Sleep, VPN flaps, and path drift make child processes and skill indexes unpredictable. Connecting real business data demands 24/7 uptime, persistent paths, and auditable permissions.

Self-managed boxes without multi-region choice or flexible terms encourage shared hosts where cold starts and log IO contend. Placing Gateway on dedicated Apple Silicon with predictable disks and egress—typical of a professional Mac cloud—usually makes MCP and Skills policies enforceable in contracts. MACCOME offers multi-region Mac Mini M4 / M4 Pro with flexible rental terms as a stable base for Gateway and build farms; confirm public rates and help-center SLAs before ordering.

Pilot the three checks from this runbook on a remote Mac before promoting one image fleet-wide—avoid “works locally, times out in prod” loops. If Gateway is internet-facing, ship TLS, rate limits, and IP allowlists in the same change, not as a later patch.

FAQ

How does this pair with channel onboarding?

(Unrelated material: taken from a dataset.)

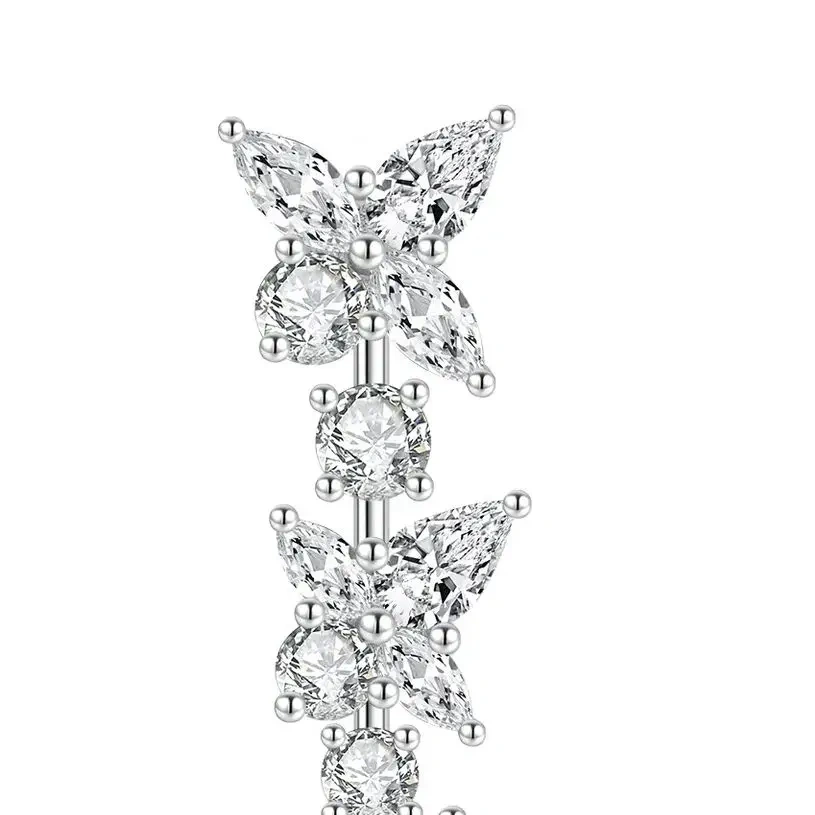 ShanLover  Brand Real 925 Sterling Silver Flower Tassel Earrings Fashionable Woman Elegant High-End Jewelry for Autumn Winter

Channel guides cover Slack/Discord/Telegram OAuth; this article covers tool discovery. If messages reach Gateway but tools fail, gather evidence from Table 1 before revisiting channel “connected but silent” cases.

What should rollback include?

Remove MCP entries, document restart order, run a read-only verification query, and confirm tool counts return to baseline on dashboards. Align billing using rental rates.

Container vs bare-metal paths differ—now what?

Maintain an absolute-path matrix per runtime; never let the model guess paths in chat. Cross-check the help center with the Docker volumes article.